Vice President Joe Biden told a crowd gathered for the annual commemoration of Bloody Sunday in 1965 that Americans “can’t let their guard down” against attempts to restrict access to voting. Speaking before the Martin and Coretta King Unity Brunch on Sunday morning, Biden said states had passed 180 laws restricting voting, “some more pernicious than others.” “Here we are, 48 years after all you did, and we’re still fighting?” Biden asked a capacity crowd at Wallace State Community College in Selma. “In 2011, 12 and 13? We’re able to beat back most of those attempts in election of 2012, but that doesn’t mean it’s over.” Biden, who brought his daughter and sister with him, joined several speakers at the rally who were critical of voter ID attempts and a lawsuit brought by Shelby County, Ala., to overturn Section 5 of the 1965 Voting Rights Act, a law whose passage was inspired by the events in Selma. The U.S. Supreme Court heard arguments in the case last week. The vice president joked that he got the “credit or blame” when he was a senator for convincing Sen. Strom Thurmond, R-S.C., the presidential candidate of the States’ Rights Democrats in 1948, to vote to reauthorize the Voting Rights Act.

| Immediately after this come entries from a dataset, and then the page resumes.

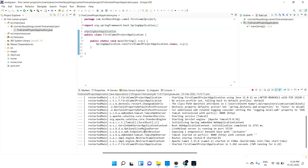Hi guys, welcome back. In the last session we discussed about the initial setup — the project setup, how to download a skeleton code from Spring Initializer. All those stuffs we saw, right? So now in this session we are going to discuss about the basic understanding of processor and router.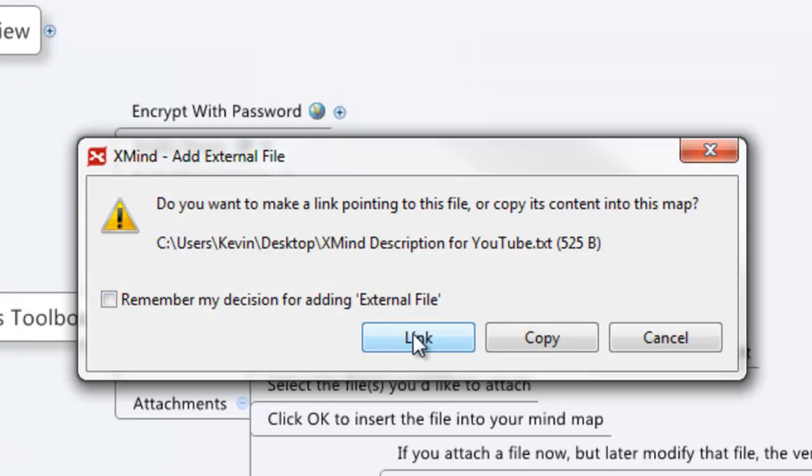Do you want to link it? Linking means you're just pointing to that file. There are benefits and drawbacks. The benefit is that if that file ever changes, because you're only linked to it, you'll see all the updates. The downside is if you try to share the file or move it around, you're going to lose that link.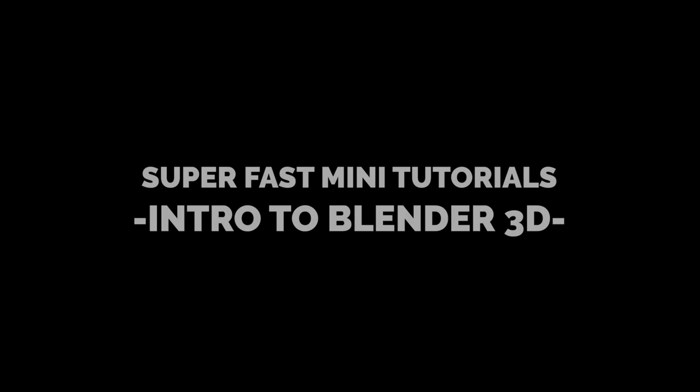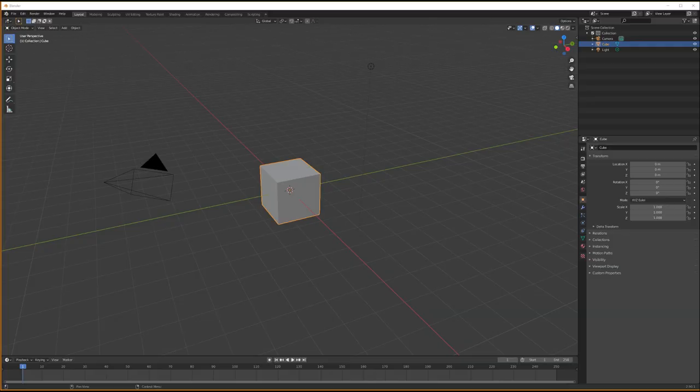Welcome to Superfast Mini Tutorials. Today I will make a brief introduction to Blender 3D, the greatest software ever known to mankind.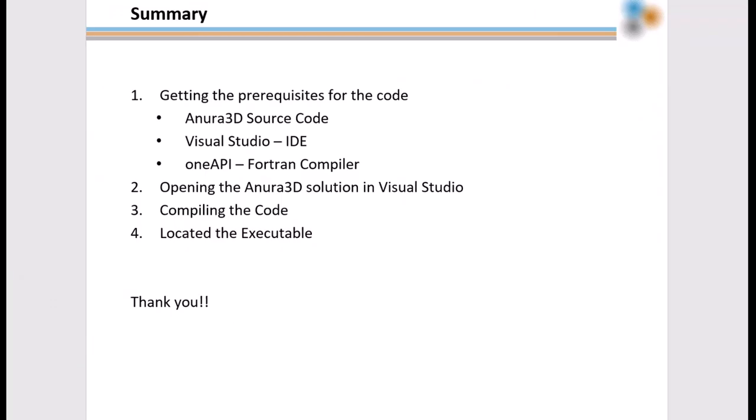We'll finish with a short summary of what we've done in this video. The first step was getting the prerequisites for the code, which are the Anura3D source code, the Visual Studio IDE, and the OneAPI Fortran compiler. We then opened the Anura3D solution in Visual Studio, compiled the code, and located the executable. Thank you for your time.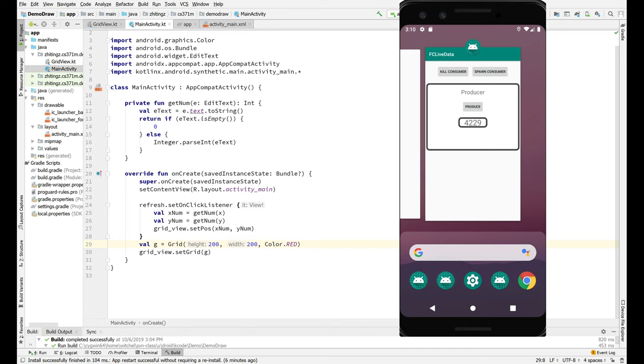Hello and welcome to our demo draw demo. We're going to demo drawing for the purpose of demo draw such that we have demonstrated drawing.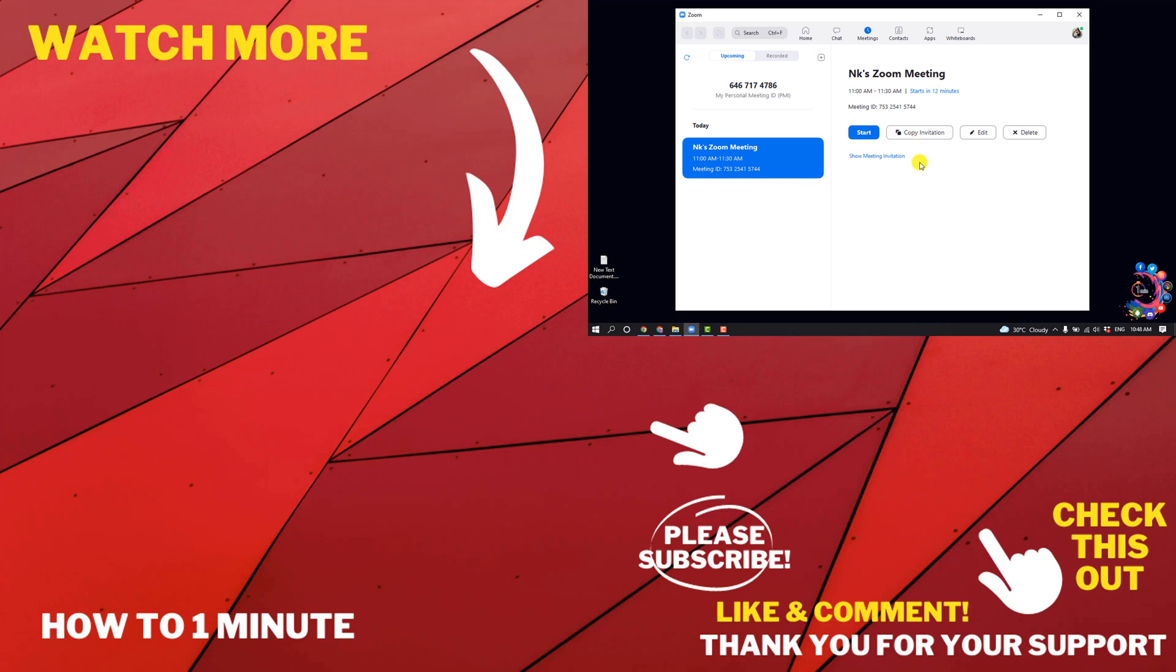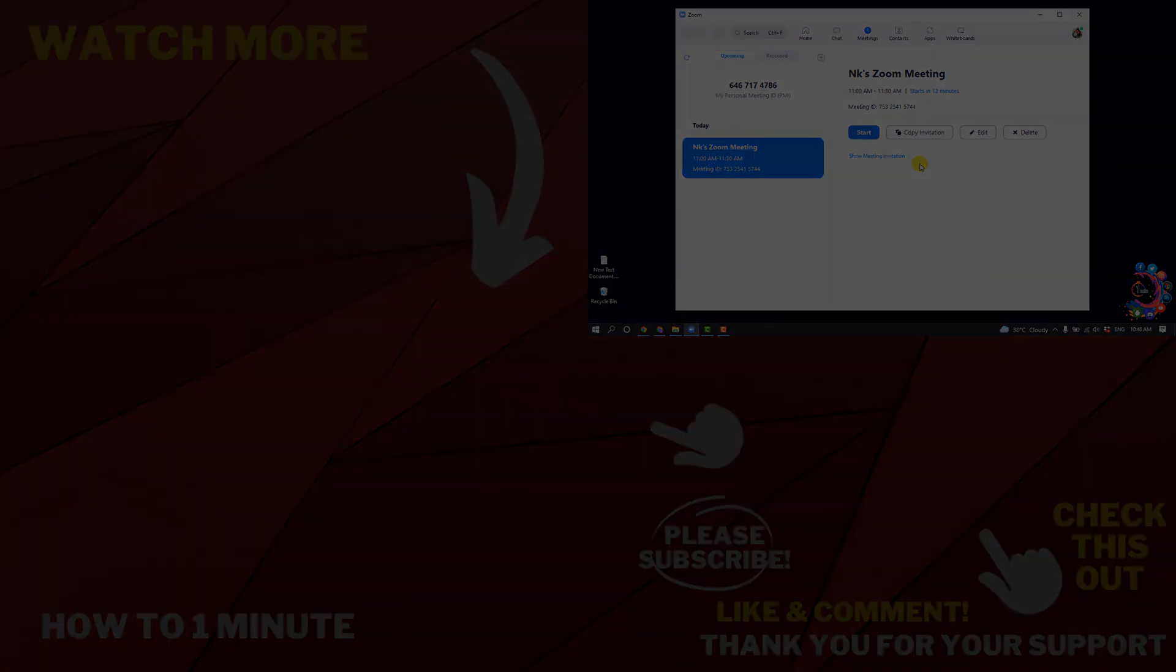If you want to see more helpful videos, please check the links in description. If this video helped you, give a thumbs up and please consider subscribing to How to 1 Minute. Thank you for watching.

The event commemorates “Bloody Sunday,” March 7, 1965, when a group of protesters led by current U.S. Rep. John Lewis, D-Ga., were attacked by state and local police as they attempted to cross the Edmund Pettus bridge in Selma. Dr. Martin Luther King, Jr. later led a march from Selma to Montgomery that swelled to 25,000 people by the time it concluded. President Lyndon Johnson signed the Voting Rights Act in August of that year.
Speakers before Biden were equally critical of challenges to the Voting Rights Act. “If they remove Section 5, streets can not hold us,” said the Rev. Jesse Jackson at the brunch. “We’re not going back. If they remove Section 5, jails can not contain us. We’re not going back.”
William Bell, the mayor of Birmingham, Ala., mentioned that challenge and touched on the 50th anniversary of several critical developments in the civil rights fight in Birmingham, including the bombing of the 16th Street Baptist Church, where four young girls were killed.
“Challenges every day are occurring,” Bell said. “Now is the time to recommit ourselves (to civil rights).”